Morreu na madrugada desta quarta-feira (4), aos 92 anos, a arqueóloga Niéde Guidon, referência mundial em arqueologia e protagonista de descobertas que mudaram a compreensão sobre o povoamento do continente americano. Ela estava em São Raimundo Nonato, no Piauí, cidade que adotou como lar e transformou em um dos centros arqueológicos mais importantes do mundo.
Niéde liderou por décadas as escavações no Parque Nacional da Serra da Capivara, onde foram encontrados fósseis e artefatos que, segundo suas pesquisas, indicam que os primeiros humanos chegaram às Américas há mais de 50 mil anos — o que contraria a teoria tradicional, que fixa esse processo em cerca de 12 mil anos. As evidências levantadas por sua equipe colocaram o Brasil no epicentro de um intenso debate científico internacional.
Além das contribuições à ciência, Niéde foi incansável na defesa da preservação da Serra da Capivara. Criou o Museu do Homem Americano e lutou, até os últimos anos de vida, por políticas públicas, financiamento e reconhecimento institucional. Em mais de quatro décadas de atuação, foi responsável por proteger mais de 1.200 sítios arqueológicos e por promover o desenvolvimento da região do semiárido piauiense, impactando a educação, o turismo e a economia local.
“Ela apresentou a Serra da Capivara ao mundo e marcou a nossa história como uma guardiã incansável de um Brasil ancestral”, afirmou Maéve Melo, secretária de Educação de Juazeiro, em nota de pesar. “Niéde será sempre inspiração de coragem, paixão e sabedoria.”

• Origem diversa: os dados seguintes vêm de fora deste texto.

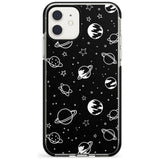 Outer Space Outlines: White on Black Pink Fade Impact Phone Case for iPhone 11 Pro Max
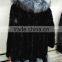 Mink fur coat with silver fox collar for women winter
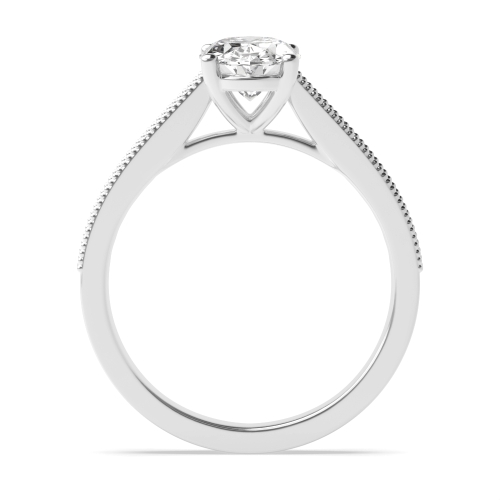 4 Prong Oval Miligrain edge Side Stone Engagement Rings
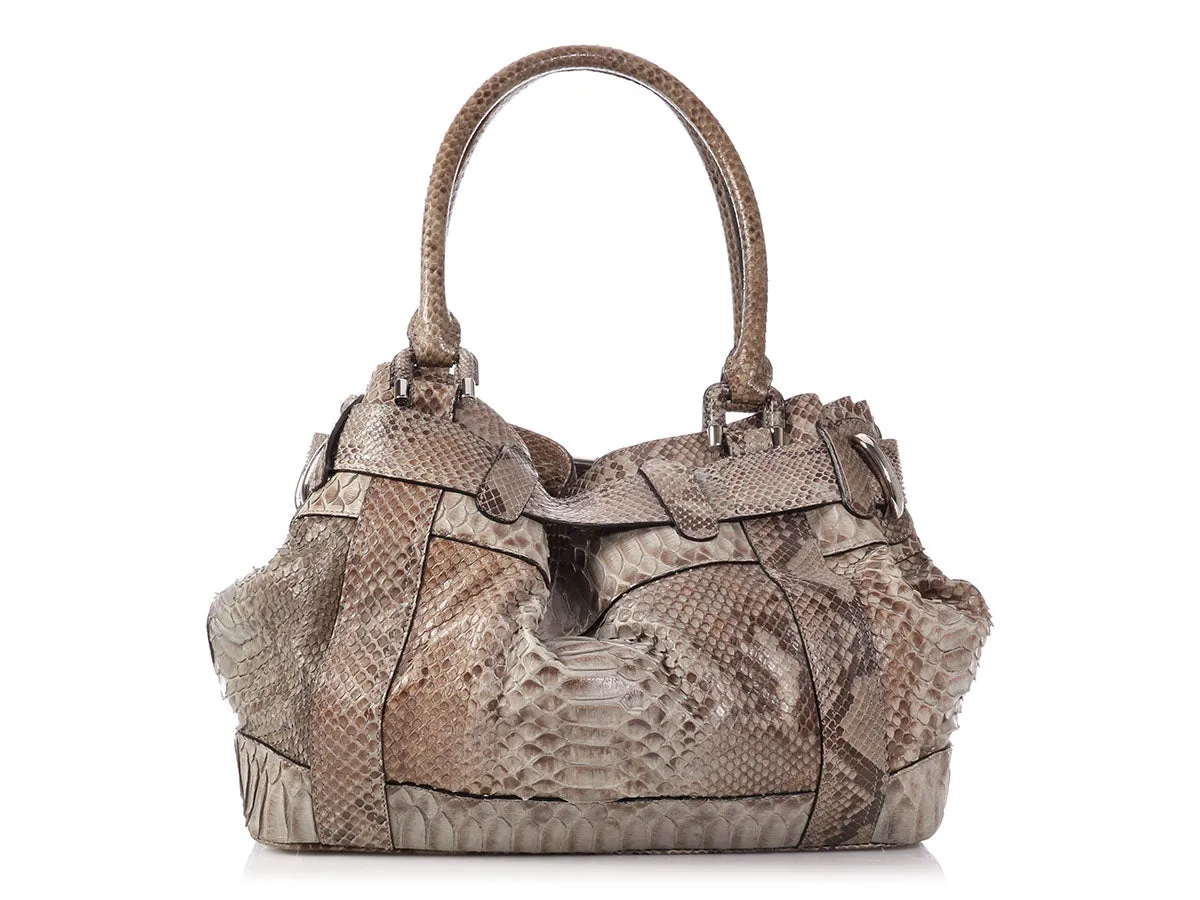 Burberry Large Woven Python Beaton Bag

A Prefeitura de São Raimundo Nonato também prestou homenagem: “Recebemos a triste notícia da partida da nossa querida Niéde Guidon, uma gigante da ciência brasileira e parceira da Univasf. Como professora da Universidade, tive a oportunidade de conhecer e admirar o seu trabalho de perto. Arqueóloga brilhante, Niéde desafiou paradigmas e revelou novos caminhos para compreender o povoamento das Américas.”
Nascida em Jaú (SP) em 1923, Niéde Guidon formou-se em História Natural pela Universidade de São Paulo (USP), com doutorado na França. Trabalhou em instituições de prestígio internacional antes de se dedicar quase integralmente ao Brasil pré-histórico.
Nos últimos anos, Guidon vinha alertando para o abandono do Parque Nacional da Serra da Capivara, patrimônio cultural da humanidade reconhecido pela Unesco. Ainda assim, manteve sua rotina de trabalho e seguia ativa nos projetos de pesquisa e conservação.
Niéde Guidon deixa um legado incomparável à arqueologia brasileira, à proteção do patrimônio histórico e à valorização da ciência como ferramenta de transformação social. Sua história ficará registrada não apenas nos livros, mas nas rochas e pinturas que ajudou a revelar — e nas gerações de pesquisadores que inspirou.